== GIVEN DATA ==

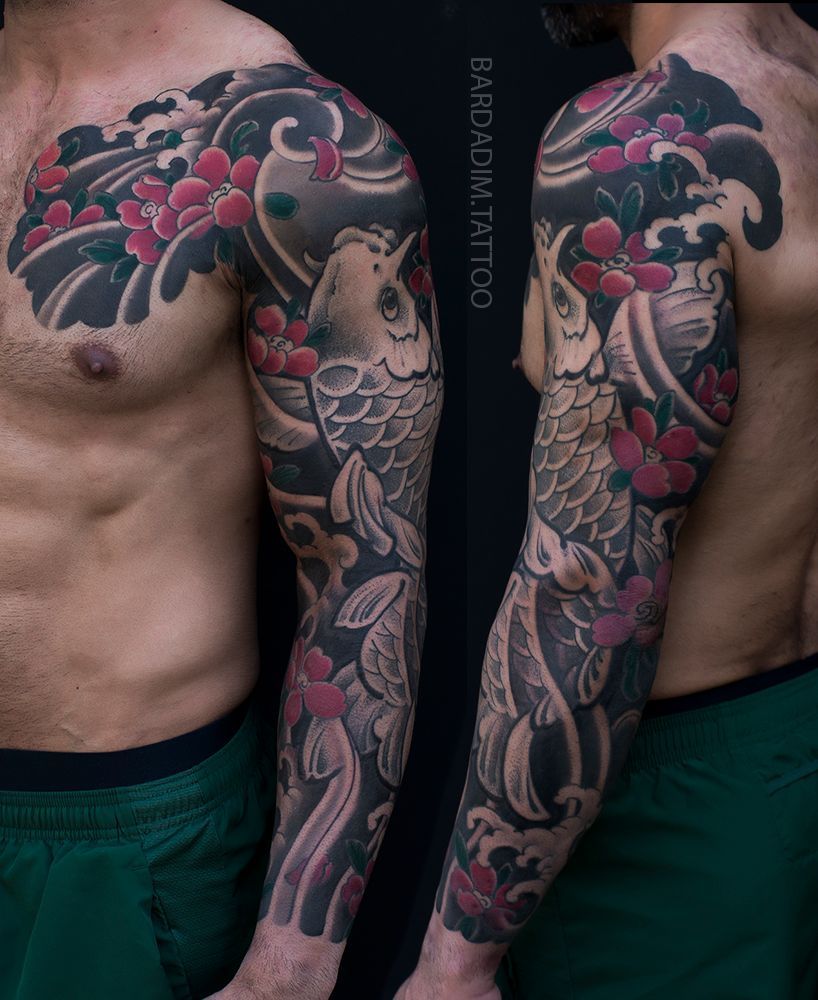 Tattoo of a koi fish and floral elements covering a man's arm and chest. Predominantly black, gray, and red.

===
== GIVEN DATA ==

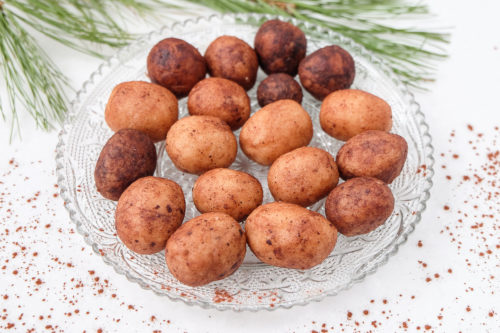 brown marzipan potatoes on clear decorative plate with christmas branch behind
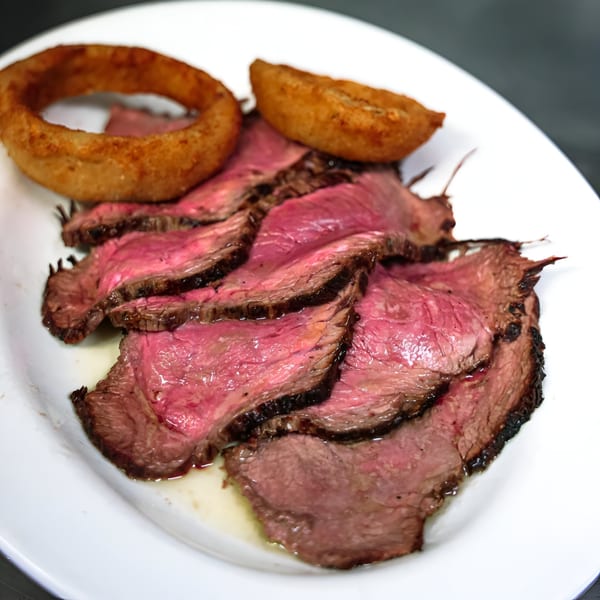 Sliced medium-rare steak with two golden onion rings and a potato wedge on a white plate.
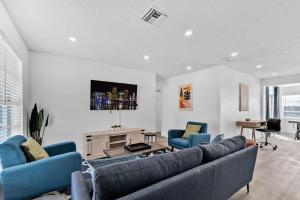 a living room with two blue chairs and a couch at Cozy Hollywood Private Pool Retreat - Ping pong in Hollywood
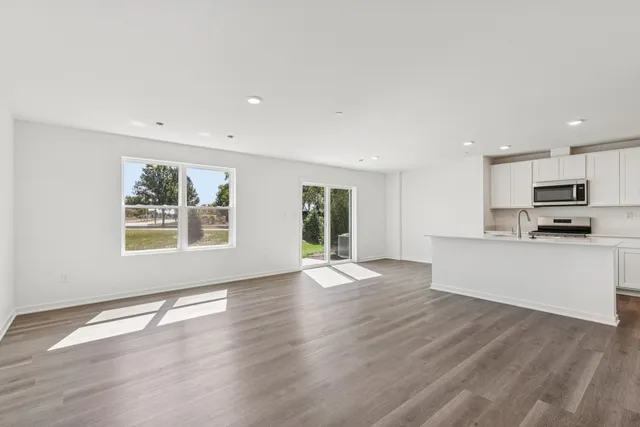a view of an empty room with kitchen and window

===

• _DIRECTIONS FOR THIS TASK_
Working from the entries above, reproduce exactly and only the lines beginning with the line that has "a living room" and ending with the line that has "a view of an"; omit all pictures.

• _RESPONSE_
 a living room with two blue chairs and a couch at Cozy Hollywood Private Pool Retreat - Ping pong in Hollywood
a view of an empty room with kitchen and window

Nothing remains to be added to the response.